Saya : Alhamdulillah dia sudah lulus di
salah perguruan tinggi swasta, selanjutnya tinggal menunggu kuliah perdana
yakni bulan September nanti. Sedangkan untuk di Unhas pengumumannya nanti 16
juli.
Perantau : oh, syukurlah. Kadang saya agak merasa
miris melihat mahasiswa akhir-akhir ini. Tahun lalu, sebelum saya berangkat ke
Malaysia sempat bertemu dengan mahasiswa yang berasal dari kampung saya.

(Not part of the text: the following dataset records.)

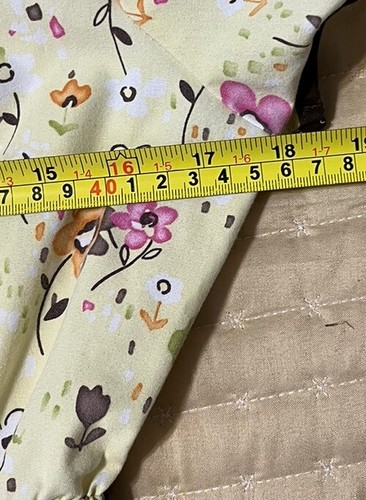 SB Scrub Top Women Small Yellow Flowers Pullover Elastic Waist V Neck - Picture 8 of 12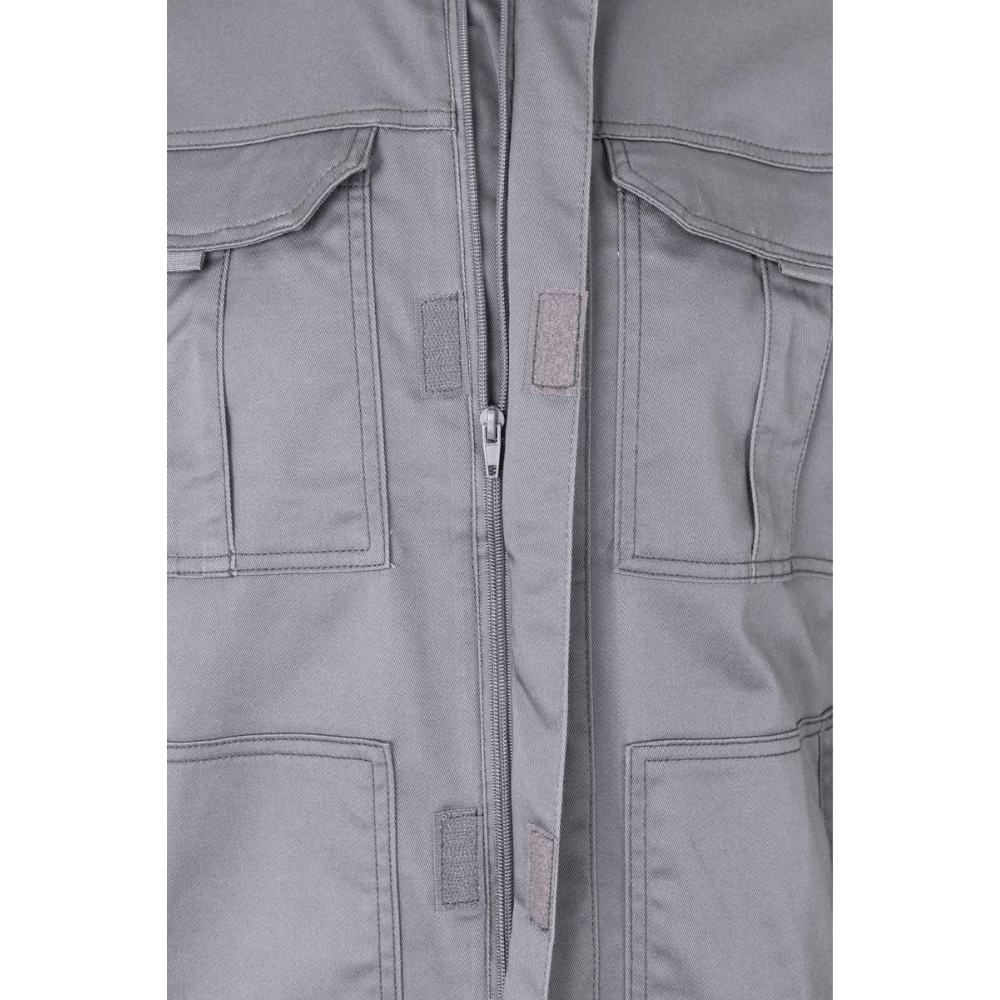 Casaco elástico com vários bolsos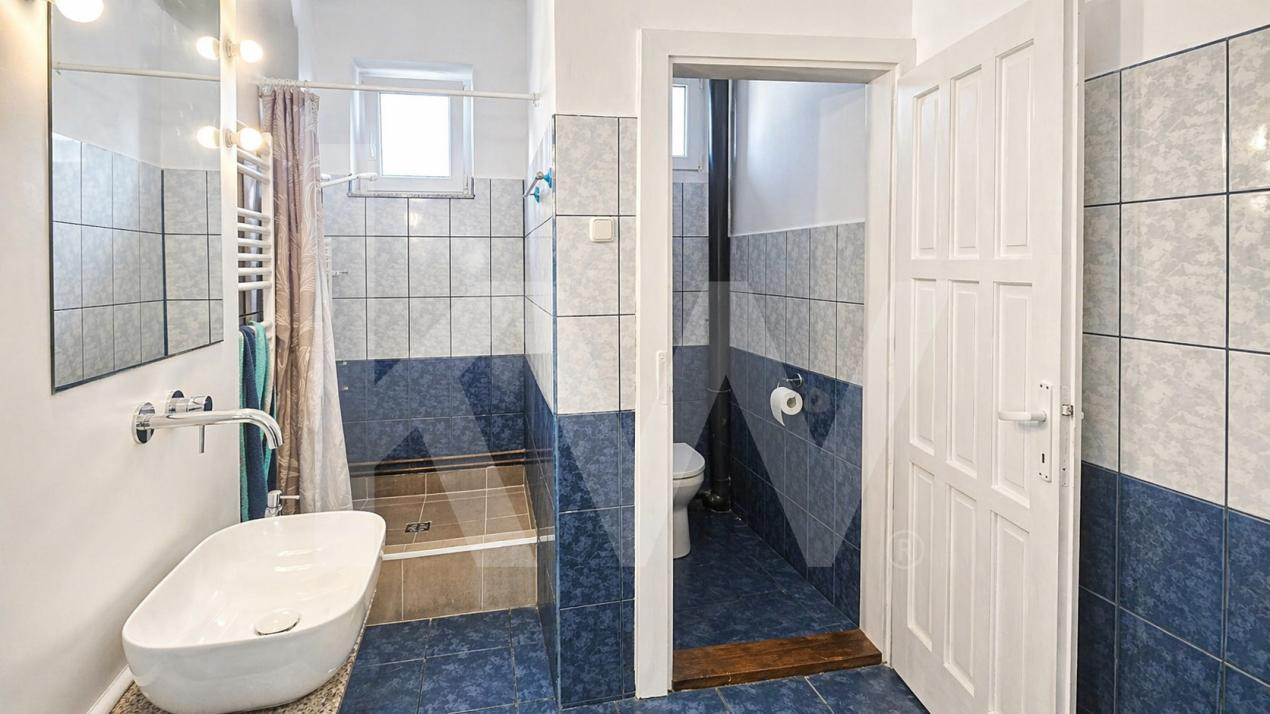 Apartament la casa 4 camere de închiriat – la 5 minute de Parcul Sub Arini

Attitudenya tidak menunjukan sebagai seorang mahasiswa. Sebenarnya yang harus
dibenahi generasi muda saat ini yakni mengenai agamanya. Ketika agama mereka
kuat, saya yakin segala sesuatu akan baik pula apalagi mengenai perkuliahan
pasti bisa berjalan lancar.
Saya : iya.
Perantau : menjadi
seorang perantau tidak enak. Harus Jauh dari keluarga, merasa nyaman di negeri
orang itu sulit. Apalagi bagi mereka yang meninggalkan anak-anak
yang masih kecil di kampung halaman, termasuk saya. Berat rasanya.
Perantau
ini memiliki tiga orang anak di mana anak pertamanya udah duduk di bangku SMA
sedangkan yang ke-2 di bangku SMP sedangkan yang satunya belum sekolah. Dia
begitu sayang pada anak-anaknya mungkin karena sering dia tinggalkan
(merantau). Dia juga berharap bisa menyekolahkan anak-anaknya hingga di bangku
perkuliahan sehingga bisa bekerja di negeri sendiri. “Cukuplah kami-kami ini
pelaku sebagai perantau. Semoga anak-anakku bisa memutuskan tradisi dari
kelurga kami yang umumnya putus sekolah dan akhirnya harus beralih sebagai
perantau”, tuturnya.
Saya
merasa bersyukur, orang tua saya bukan seorang perantau. Dan bisa menyekolahkan
saya hingga dibangku perkuliahan. Dan bisa jadi, kalau orang tua saya sebai
seorang perantau mungkin tidak seperti sekarang ini.
Satu
hal lagi saya tangkap dari perbincanganku kali itu, bagi meraka yang orang tuanya sebagai perantau mungkin bisa sadar-sadar
diri. Maksudnya jika kita sekolah, maka sekolahlah sebaik mungkin. Raihlah
prestasi setinggi mungkin agar bisa membanggakan mereka. Orang tua bekerja
keras di negeri orang untuk bisa menyekolahkanmu hingga ke bangku kuliah. Jika engkau gagal maka pupuslah harapan
mereka. Dan satu hal lagi yang perlu kita ketahui bahwa gimana
jika ada peraturan yang melarang warga Indonesia bekerja ke luarga negeri
(Malaysia)? Kemungkinan, akan menyulitkan mereka para perantau untuk bisa
menyekolahkan anak mereka. Yang mana merantau merupakan satu-satunya sumber
penghasilan yang menjanjikan untuk saat ini (pendapat mereka).